A direita "dos negócios" deixou cair Ricardo Salgado e o grupo Espírito Santo. A esquerda da "transparência" limpou o BANIF com dinheiros públicos e tratou de o entregar ao Santander.
A direita "trauliteira" quer saber como e quem estoirou a Caixa Geral de Depósitos. A esquerda "unida" levanta obstáculos à comissão de inquérito, em nome da "estabilidade" do sistema financeiro e da "reputação" do banco do Estado. E assim mesmo, às escuras, subiu para 19 o número de administradores, aumentou-lhes os ordenados, e prepara-se para lá meter mais 4 mil milhões dos nossos euros.
A direita "determinista" quer que as crianças pobres tenham escolas com qualidade. A esquerda "das pessoas" quer ter os seus filhos nos colégios privados e atirar com os pobres para a bagunça do sistema público. E argumenta: “a liberdade existe", quem quer melhor "que pague do seu bolso".

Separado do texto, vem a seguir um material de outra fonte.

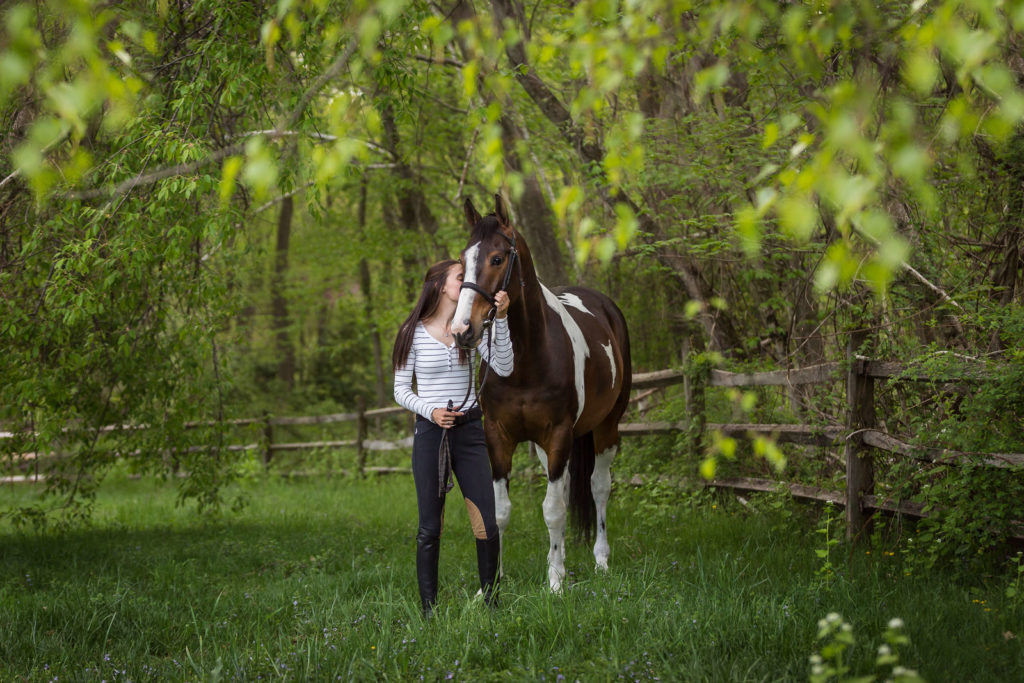 girl kissing her horse under the trees at Redfield Farm in Califon NJ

A direita "autoritária" quer dar às famílias pobres o direito a escolher o ensino dos filhos, laico ou religioso, público ou privado, comunista, clássico ou experimental. A esquerda da “diversidade” quer as crianças pobres “protegidas” da Igreja e do “lado errado da história”, impondo a FENPROF, o sr. Nogueira, o Plano Nacional de Leitura (uma lista de livros “certos”), e as matérias politicamente correctas escritas com os pés. Explicando que a liberdade de ensino deve ser distribuída com precaução, reservada aos esclarecidos, uma vez que nem todos estão “filosoficamente preparados”.

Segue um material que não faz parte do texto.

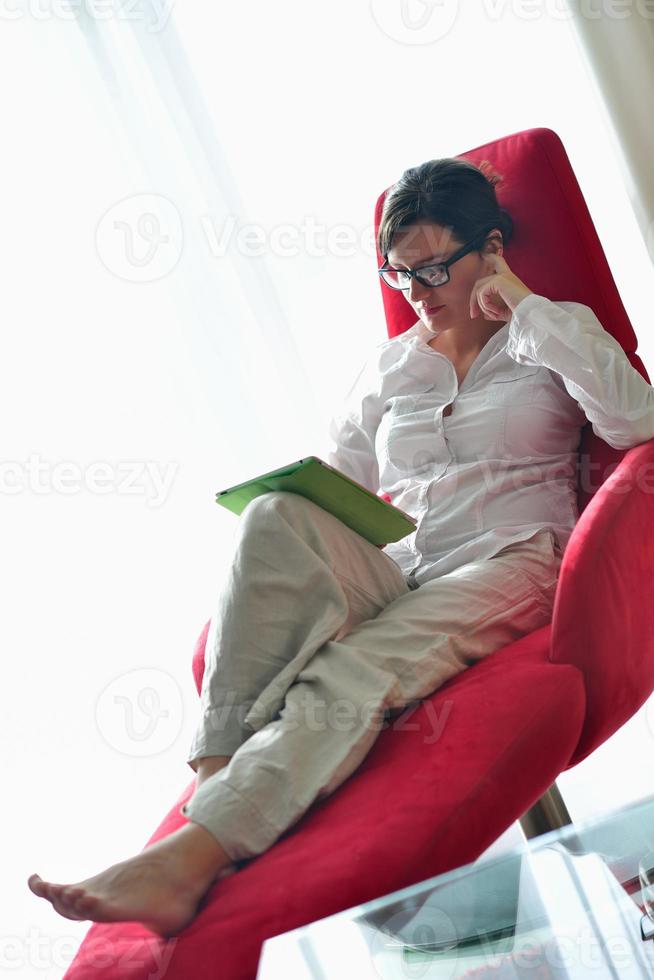 woman using tablet pc at home photo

Curiosamente a Igreja, que devia ter neste assunto uma posição oficial, pede licença para vir aos jornais gemer baixinho a sua perda de influência.
A esquerda chega ao poder aos encontrões e faz o que quer, com uma cartilha infantil. A direita espera quieta pelo resultado. Ou apresenta a sua cordura, a sua “moderação”, sem perceber que escolhe o caminho mais curto para se diminuir; a “moderação” não é um plano nem uma identidade, é uma maneira secundarizada de reconhecer a virtude da esquerda.
A natureza de uns e outros é hoje visível, talvez mais do que alguma vez foi nos últimos 40 anos. Quando a direita apanhar os restos da sua decepção tem de interpretar o país, descrever o arranjo que está a mandar nisto, explicar os riscos, fabricar uma proposta clara e construir uma retórica para se definir. Não existe “centro” (nem “moderação”) quando as pessoas estão aflitas e precisam de escolher a quem entregar os seus sacrifícios.
Ele há por aí, dentro do que se designa por Direita, gente que:
- Tem uma insondável admiração pelos E.U.A., as liberdades americanas, o capitalismo americano e os Pais Fundadores.
- Detesta o cidadão americano médio, que nem sequer sabe usar em simultâneo o garfo e a faca, julga que o centro do Mundo fica no Minnesota, e que a História começou em 1776 e os E.U.A. têm uma missão civilizadora.
- Apoia a "construção europeia", designação consagrada para a gravidez dos futuros Estados Unidos da Europa.
- Abomina a dissolução do que resta da independência nacional num estado federal onde Portugal teria, apesar de muita treta, a liberdade de fazer o que lhe mandam, com a mesma influência que tem o Arkansas na América.
- É a favor da despenalização do consumo, produção e compra e venda de drogas, mesmo duras, em nome do realismo no combate ao crime e da liberdade individual.
- Entende que o combate ao tráfico e consumo de drogas deve prosseguir, por a desistência do Estado ter um efeito dissolvente na sociedade e representar uma inadmissível neutralidade.
- Considera a desigualdade económica entre os cidadãos algo que o Estado deve activamente combater, via redistribuição fiscal.
- Acha que a redistribuição fiscal, se acentuada, tem um efeito de distorção no funcionamento do mercado, e é por isso inerentemente penalizadora do investimento e por consequência do progresso material.
- É a favor, ou contra, o abortamento, as proibições higieno-fascistas, a adopção por casais gays, o laicismo do Estado e ainda quase tudo e o seu contrário.
Bem, tudo tudo não: não há na Direita, pelo menos em teoria e apenas como exemplos que não são exaustivos, adeptos do crescimento do Estado e da despesa pública, da economia vudu e do Estado compreensivo para o criminoso e suspeitoso do homem bem-sucedido; e há uma prevalência de valores conservadores, de pessimismo sobre a inerente bondade da natureza humana, e de crença na realização do bem comum através da mão invisível do mercado.
Uma grande complicação, em suma - nada que quem está de fora verdadeiramente entenda. Ou queira entender.
E porque me lembrei de, ao correr da pena, expectorar estas profundas considerações, alinhadas entre o terceiro café e a hora do almoço, não divulgo.